Raven maintains its long-term growth target for operating income of 10% to 12%. The company’s effort to transform its business by investing in essential strategic initiatives along with reduction of operating expenses will optimize its performance. The company will optimize internal investments in each of the three operating divisions and invest in those projects which have the greatest long-term growth potential.

Raven’s continued strategic partnership with AGCO Corporation AGCO as well as relatively new partnership with Kinsey will drive customer relationship. In addition, its new product pipeline is balanced with both near-term contributors and multiple intermediate and long-term offerings that will show positive results later this year and beyond.

The company remains optimistic about the long-term view of the North American agricultural market. Raven's technology, expertise and product portfolio stands to benefit from the rising world population and increasing global demand for food.

The Integra Plastics acquisition was a key strategic move and has greatly improved Raven’s competitive positioning. By leveraging Integra's significant capabilities the company will be able to deliver improved returns over the long-term.

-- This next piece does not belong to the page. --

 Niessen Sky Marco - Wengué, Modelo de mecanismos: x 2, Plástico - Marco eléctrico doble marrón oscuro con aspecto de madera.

Further, demand for Applied Technology in end-markets has declined considerably more than earlier expectations and is getting worse in the first quarter of fiscal 2016. Several OEMs are reducing production levels again and lowering their outlooks for the year. With high corn inventories, continued high input costs, and waning grower sentiment, Raven remains concerned about the recovery in demand until late fiscal 2016.

Although, the company’s restructuring actions will address the weak end-market conditions, the recent decline in oil prices will remain a headwind. The drop in oil prices will challenge the sales development in the energy end-market for Engineered Films.

South Dakota-based Raven is an industrial manufacturer offering a variety of products for agricultural, industrial, construction and aerospace markets. The company operates through three business segments, namely, Engineered Films, Electronic Systems, Applied Technology and Aerostar.

Raven currently carries a Zacks Rank #4 (Sell). However, some diversified-operations stocks that warrant a look include Compass Diversified Holdings CODI and Danaher Corp. DHR, both carrying carry a Zacks Rank #2 (Buy).